Resta difficile credere che si possano cancellare 16 anni così, senza che rimanga qualcosa dentro.
“No. È impossibile, perché Alitalia mi ha dato tantissimo. A livello professionale siamo tra i migliori al mondo. Praticamente nessuno di noi avrebbe problemi ad adattarsi in qualsiasi compagnia scegliesse di andare”.
E allora qual è il problema?
“Che Alitalia è un po’ il simbolo dell’Italia: immense capacità a livello personale che non riescono ad essere fatte funzionare bene a livello di insieme”.
E pensi che Etihad ci riesca?
“Lì il mondo è decisamente più semplice. C’è una visione del lavoro molto americana: ti viene richiesto qualcosa che devi fornire e vieni giudicato su quello. Tutte le eccedenze e interferenze esterne sono tagliate”.
Ma lo sa che sta andando a lavorare in un posto dove non esiste il diritto allo sciopero?
“Finalmente vado in un posto dove non c’è”, ribatte con ironia amara. “Come lo stiamo facendo noi in Alitalia di fatto non c’è già più il diritto allo sciopero. Praticamente non ne facciamo uno di tutte le categorie dal 2008”.
E il contratto? Anche questo è sulla base americana: la prassi non è decisamente il contratto a tempo indeterminato.
“Io ho un contratto di 3 anni”. E poi? “E poi non mi sono posto il problema. Ma so già che l’ottica è quella del ‘se mi servi ti tengo, sennò ciao’. Lì sei ospite e devi guadagnarti l’ospitalità ogni giorno. E ogni giorno, anche camminando per strada, te lo possono far notare”.
In che senso?
“Che comunque gli arabi si sentono i proprietari del Paese, sono loro che ti stanno ospitando. Ma, ad esempio, i piloti di Etihad sono trattati profondamente bene. Non come in Italia dove spesso siamo considerati dei viziati, pigri e svogliati a prescindere da come ci comportiamo e lavoriamo. Se nel 2008 un articolo dell’Espresso ci aveva inserito nella ‘casta’, si può dire che negli Emirati forse una casta la siamo davvero”, sottolinea con ironia.
Mi sembra decisamente determinato nella sua scelta.
“Sì, tanto che al momento non ho nessun progetto di tornare in Italia. Anche perché ho veramente ben poche cose che mi mancheranno, le amicizie e la famiglia. Ma se penso al mio futuro lo vedo molto più roseo ad Abu Dhabi che a Roma”.
E i figli?
“I figli li porto via da qui”, risponde con un tono che non lascia molto spazio all’immaginazione.
E il dramma di tutti gli italiani all’estero? La cucina italiana?

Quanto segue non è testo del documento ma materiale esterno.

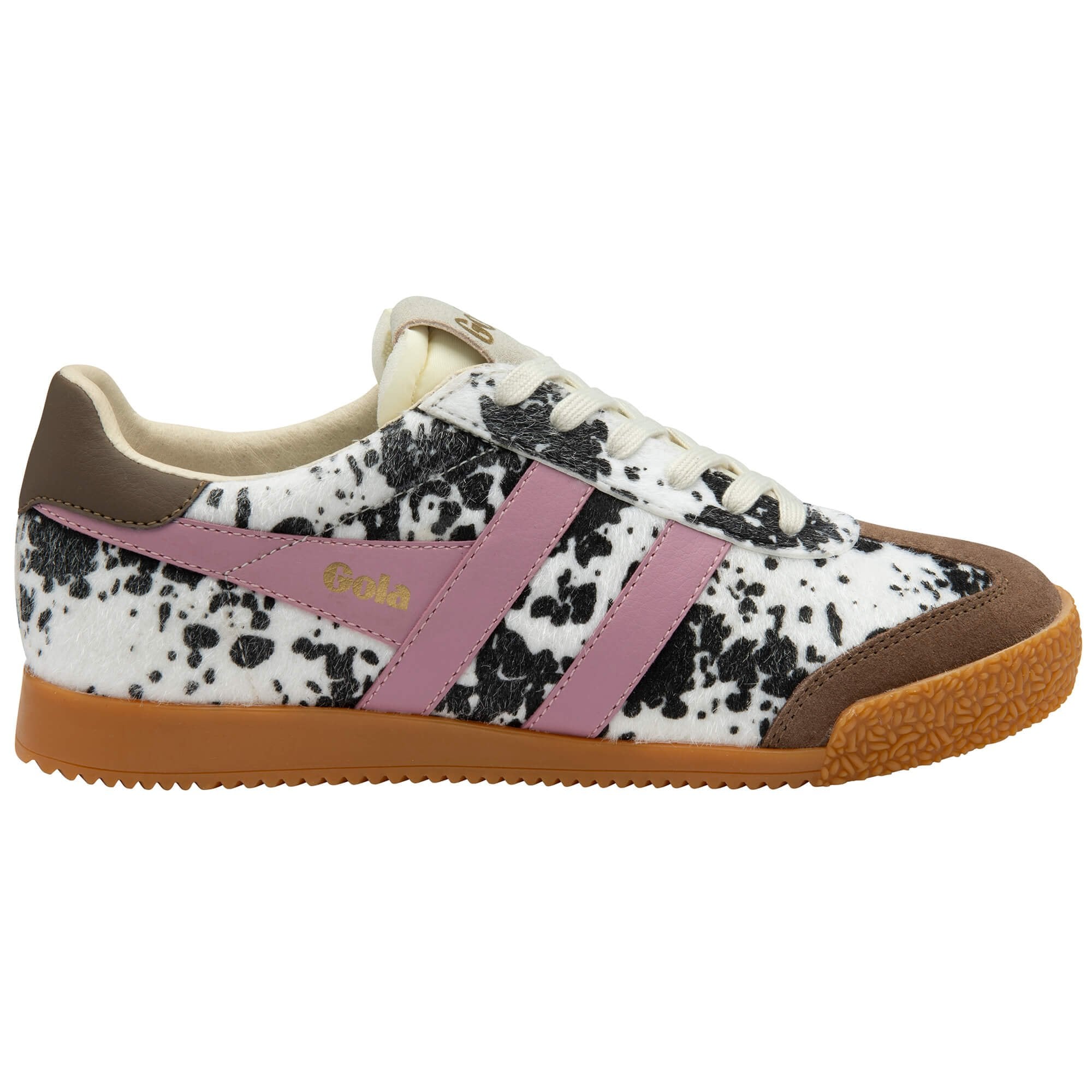 Trainer with black and white animal print pattern, pink accents, and brown sole on a white background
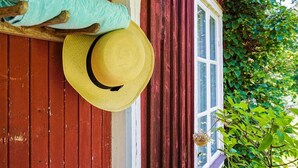 Eine hölzerne Veranda mit einem gelben Hut, der an einem Holzpfosten hängt, einem blauen Handtuch und einem Fenster mit weißem Zierrahmen.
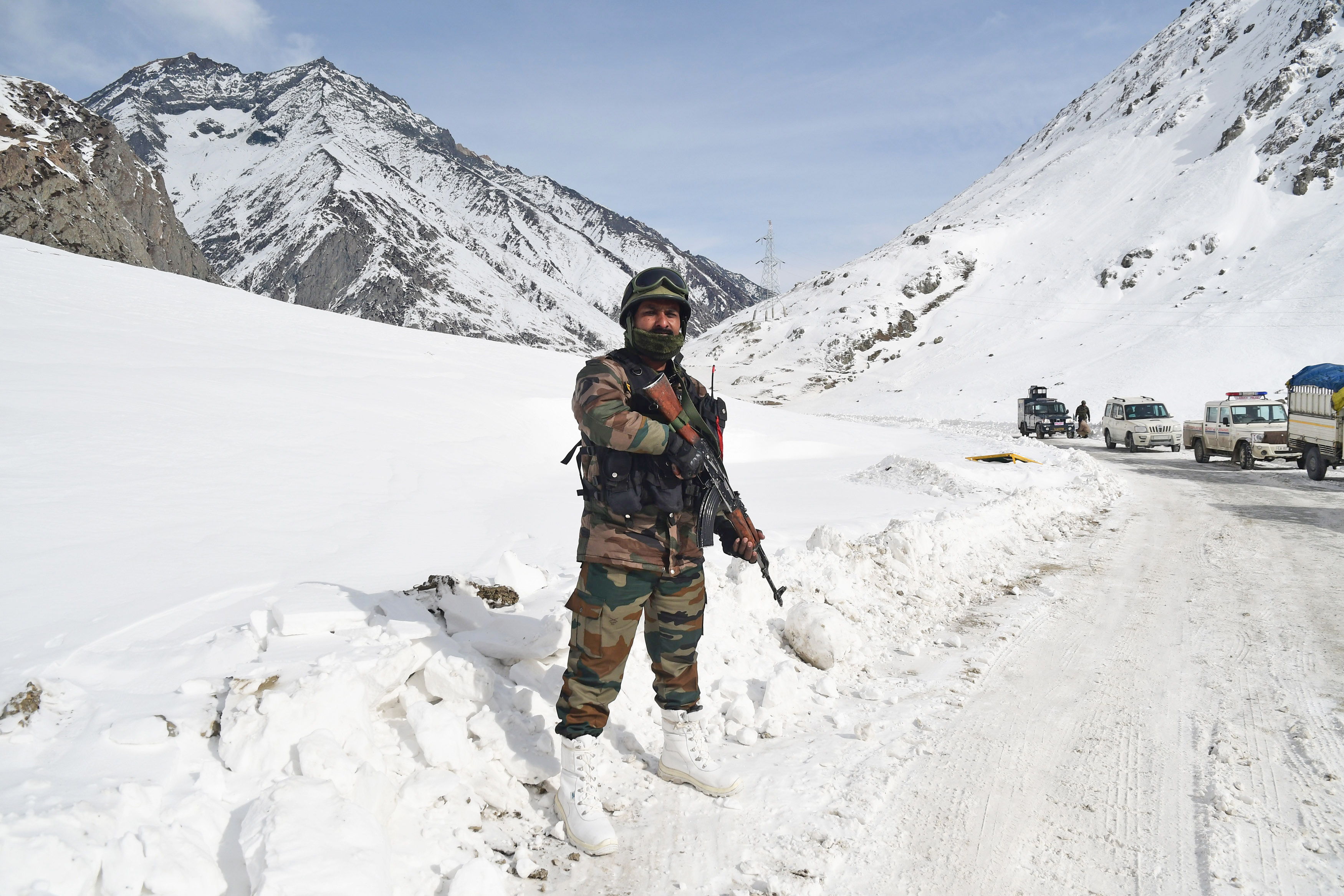 An Indian Army jawan stands guard on  Srinagar-Leh Highway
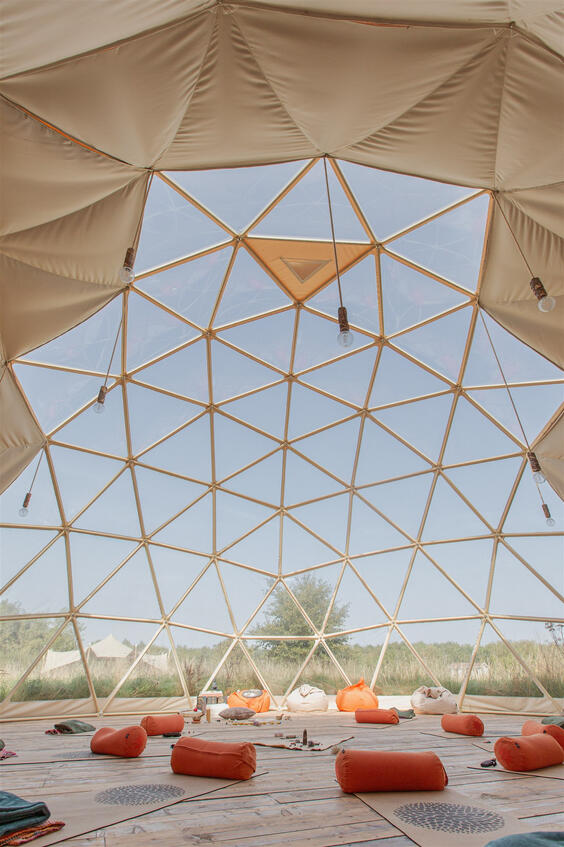Close-up brand photo of a chiropractor’s hands typing on her laptop.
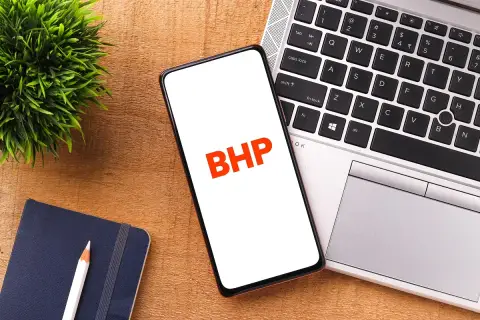 Telefon z napisem BHP obok laptopa i notatnika.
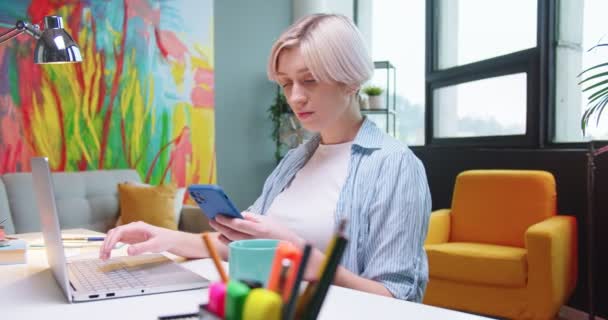 Portrét krásné bělošky, která studuje u stolu na pokoji a píše na notebooku a SMSku na mobilu. Hezké mladé blondýny žena pracující na počítači ve skříni doma — Stock video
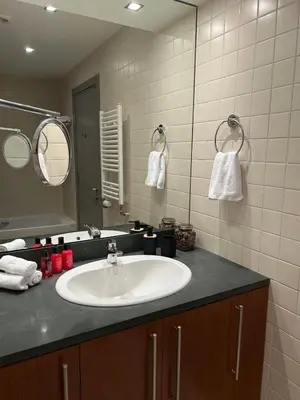 a bathroom with a sink and a mirror at Beauty&Travel Apartment Borovets in Borovets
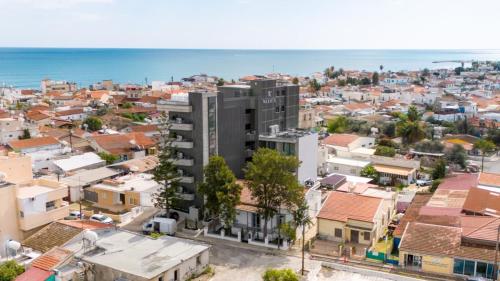 an aerial view of a city with buildings at Warner Boutique Hotel-Adults Only in Larnaca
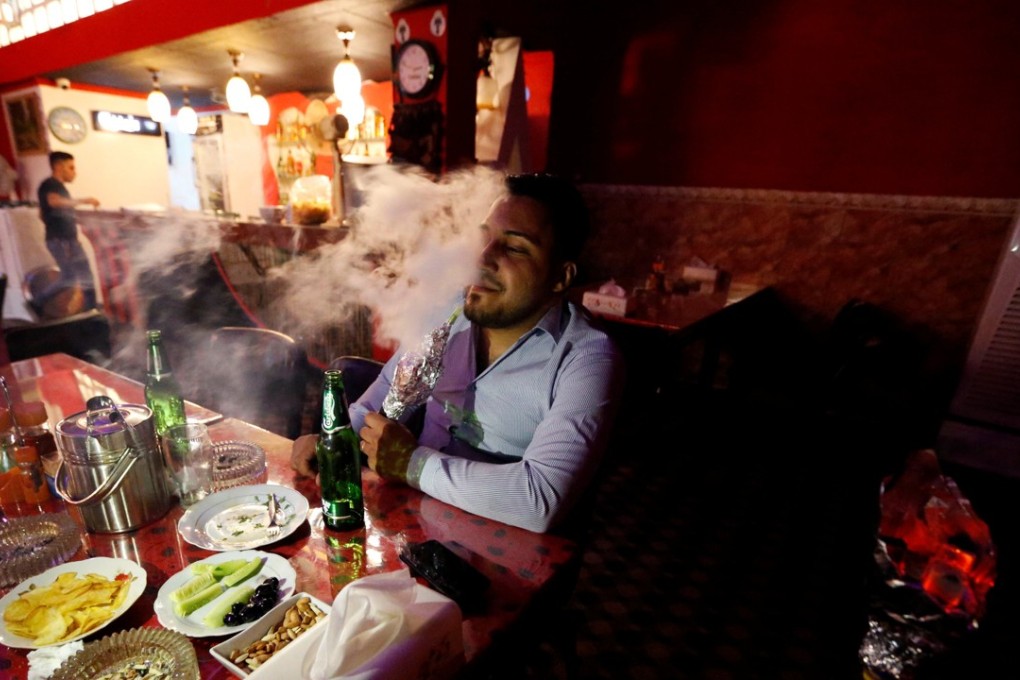 A man drinks and smokes a shisha at a bar in the town of Qaraqosh, south of Mosul. Photo: Reuters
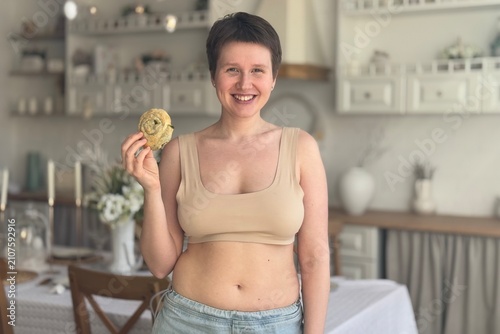 positive and surprised woman with bun in hand against kitchen background, body positive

“Ho già visto una casa che potrebbe andare bene e di fronte c’è una catena di supermercati presente anche in Italia. Penso di poter sopravvivere benissimo, anche se forse sentirò la mancanza di un buon bicchiere di vino ad un prezzo normale”.
Ma c’è qualcosa che non le mancherà per niente dell’Italia?
“La grettezza di molte persone. Il loro giudicarti dal ruolo che ricopri e non dal modo in cui ti comporti. E così finisci non poter essere mai te stesso fino in fondo”.